Theory9. Hidden Markov Model(2)
9. Hidden Markov Model
\(\newcommand{\argmin}{\mathop{\mathrm{argmin}}\limits}\) \(\newcommand{\argmax}{\mathop{\mathrm{argmax}}\limits}\) 이번 Post는 문일철 교수님의 머신러닝 보다는 실제 Problem에 접목시켜서 Hidden Markov Model에 대하여 알아보고, 실제 Model을 Code로서 확인하는 Post입니다. (많은 책에서 Code는 다루지 않아서 나중에 사용하기 위하여 정리하였습니다.)
- 9.5 Hidden Markov Code
9.5 Hidden Markov Code
실제 Package로서 hmm learn(https://hmmlearn.readthedocs.io/en/latest/)를 제공하나 시도해보고자 하는 Dataset이 적어서 잘 작동하지 않았다.

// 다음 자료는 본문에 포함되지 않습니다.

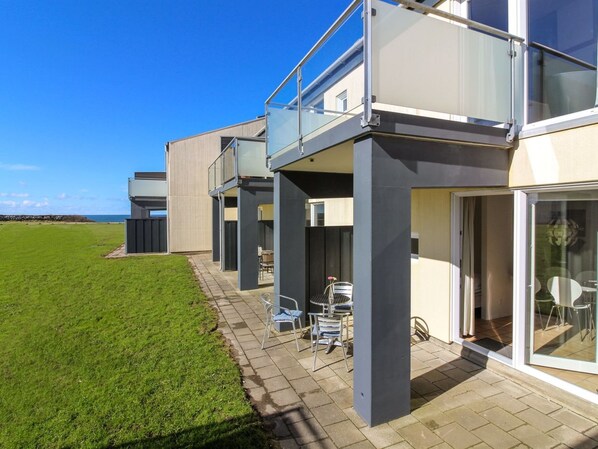 Ein modernes Haus mit Balkon, einer Terrasse mit Gartenmöbeln und Blick aufs Meer.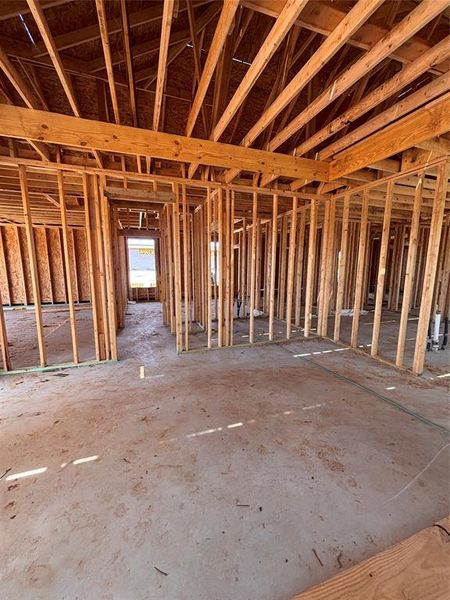 New construction framing showcasing structural wood beams and an open concept layout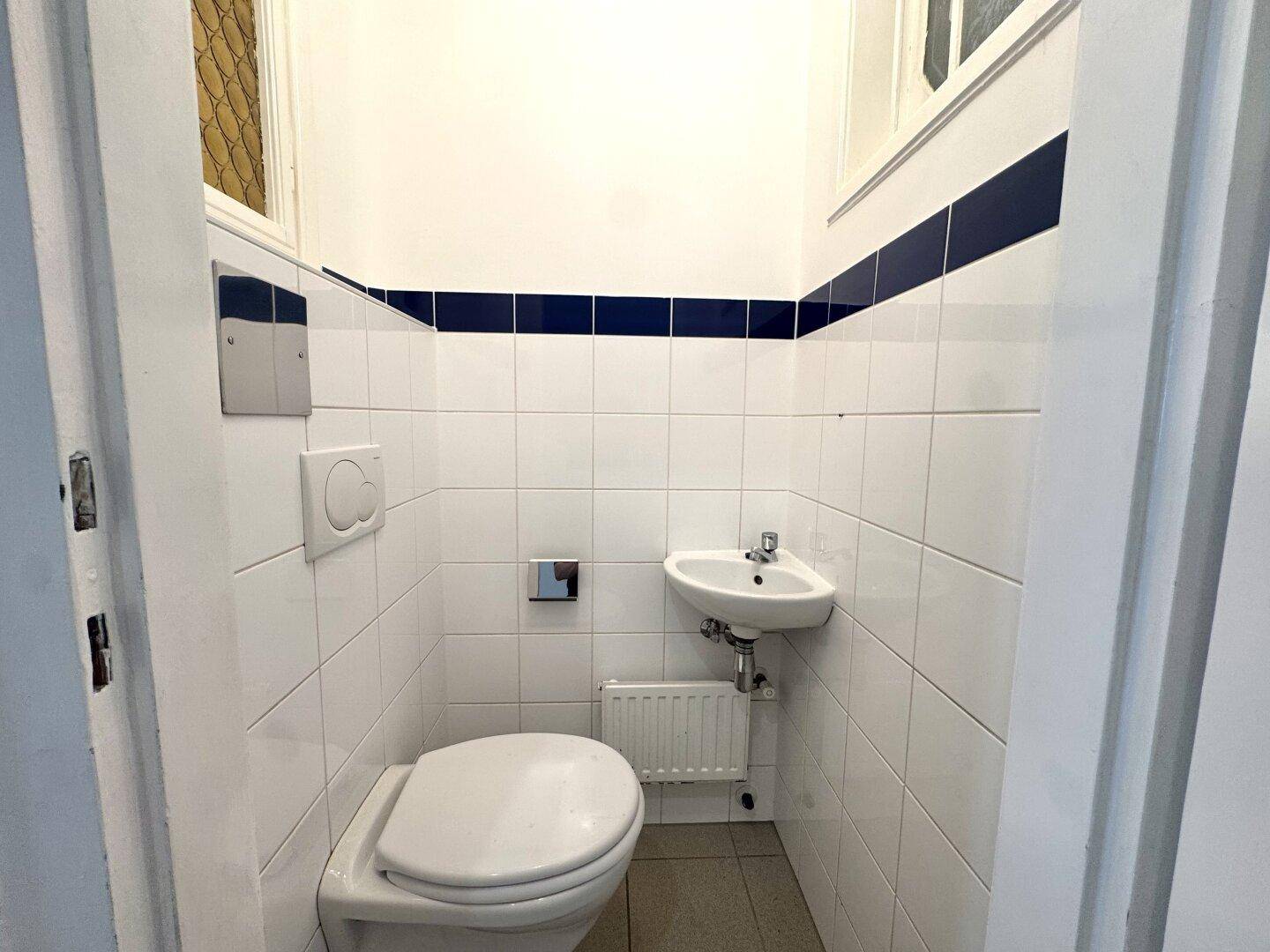 Kleines Gäste-WC mit Toilette, Eckwaschbecken und weiß-blauen Fliesen.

따라서 Low Level에서 확인할 수 있는 Implement Viterbi Algorithm in Hidden Markov Model using Python and R(http://www.adeveloperdiary.com/data-science/machine-learning/implement-viterbi-algorithm-in-hidden-markov-model-using-python-and-r/)를 사용하여 실습을 진행하였다.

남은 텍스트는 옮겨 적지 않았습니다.